Precedent from the New Mexico Court of Appeals favors best interest of the child without affording parents the protection of strict scrutiny standard.

  • In re Guardianship of Victoria R., 201 P.3d 169, 173, 177 (N.M. Ct. App. 2008), the NM Court of Appeals affirmed a trial court's decision to award guardianship of a child to "psychological parents," to whom the mother had voluntarily given placement of the child, because evidence of potential psychological harm to the child overcame the presumption in favor of the biological parent, id. at 177; the court did not employ strict scrutiny, noting that "only Justice Thomas, in a concurring opinion, relied upon a fundamental rights-strict scrutiny analysis" and that "some authorities, noting that only Justice Thomas expressly relied upon textbook fundamental rights-strict scrutiny analysis, have read Troxel as moving away from the rigid strict scrutiny mode of analysis of state legislation that impinges on parents' control over the upbringing of their children," (id. at 173 n. 4).

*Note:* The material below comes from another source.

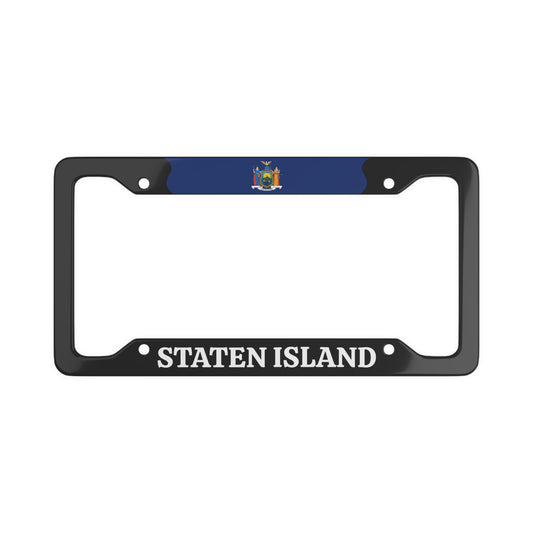 Staten Island New York State, USA License Plate Frame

  • Williams v. Williams, 50 P.3d 194, 200 (N.M. Ct. App. 2002) affirmed an order of visitation, over the objection of the parents, based solely on statutory factors including the best-interest of the child with no apparent presumption in favor of the parents' decision; "We agree with Parents that, as a general proposition, Troxel does require courts to give special consideration to the wishes of parents, and appropriately so. However, we do not read Troxel as giving parents the ultimate veto on visitation in every instance. Troxel may have altered, but it did not eradicate, the kind of balancing process that normally occurs in visitation decisions.”